Excerpted records START
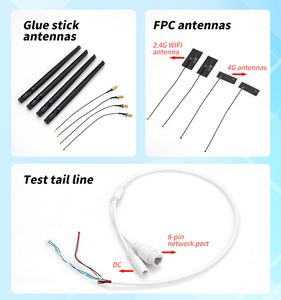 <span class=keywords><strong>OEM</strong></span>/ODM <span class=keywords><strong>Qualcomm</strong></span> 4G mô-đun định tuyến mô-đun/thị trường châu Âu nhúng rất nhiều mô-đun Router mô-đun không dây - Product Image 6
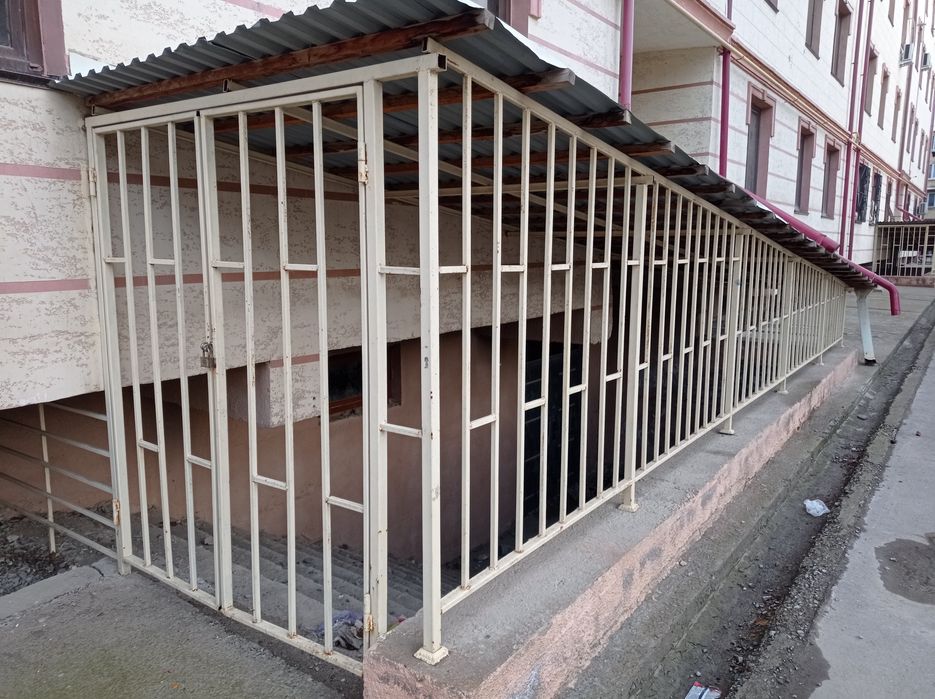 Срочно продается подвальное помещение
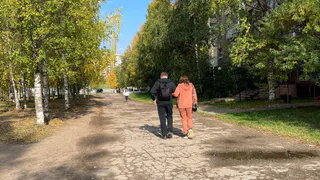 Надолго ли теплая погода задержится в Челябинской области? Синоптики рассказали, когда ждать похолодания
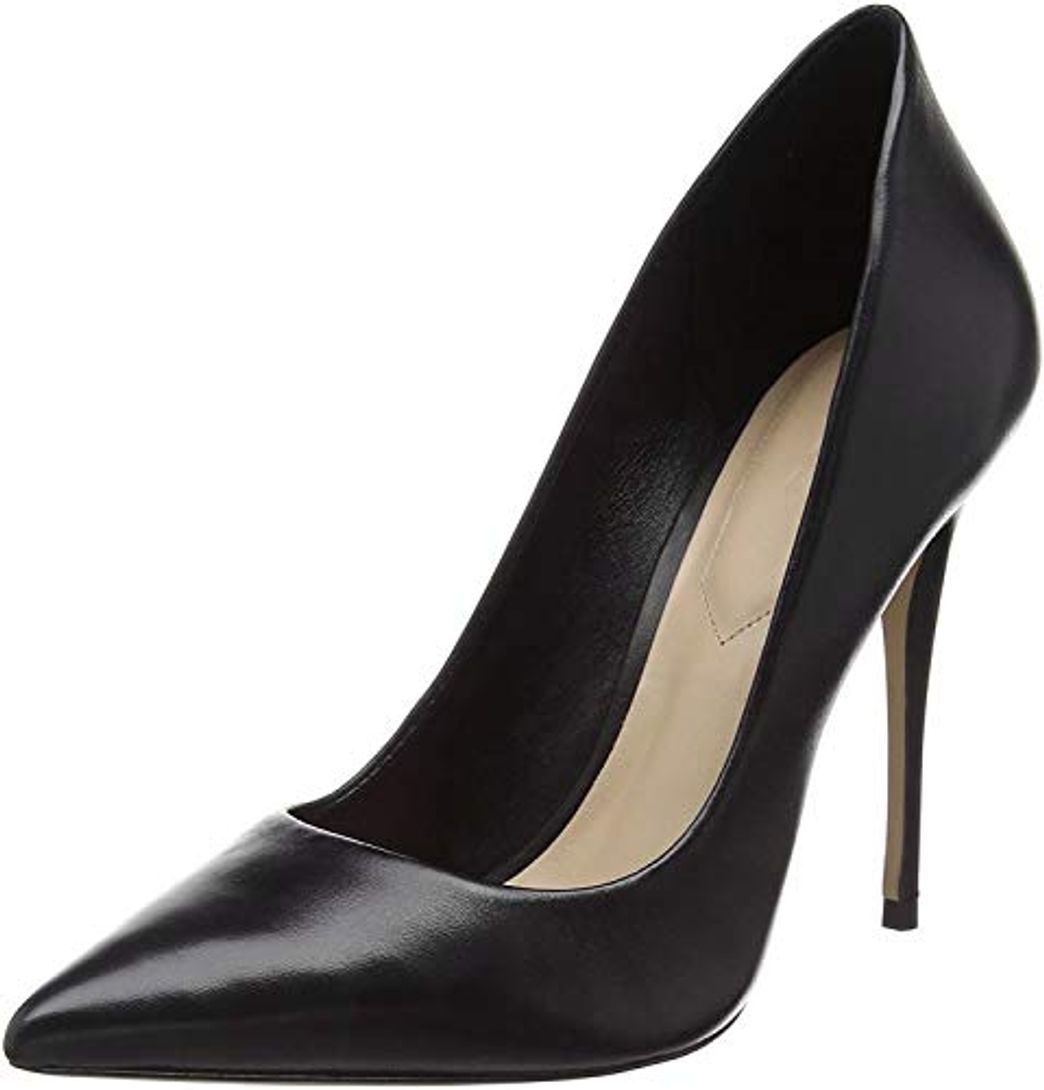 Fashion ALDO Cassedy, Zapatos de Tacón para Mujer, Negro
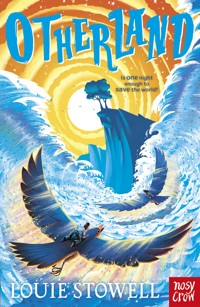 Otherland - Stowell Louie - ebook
Excerpted records END
Transcribe exactly the lines from the one containing "Надолго ли теплая" through the last line of the records above, and nothing else. Leave out the pictures.

 Надолго ли теплая погода задержится в Челябинской области? Синоптики рассказали, когда ждать похолодания
 Fashion ALDO Cassedy, Zapatos de Tacón para Mujer, Negro
 Otherland - Stowell Louie - ebook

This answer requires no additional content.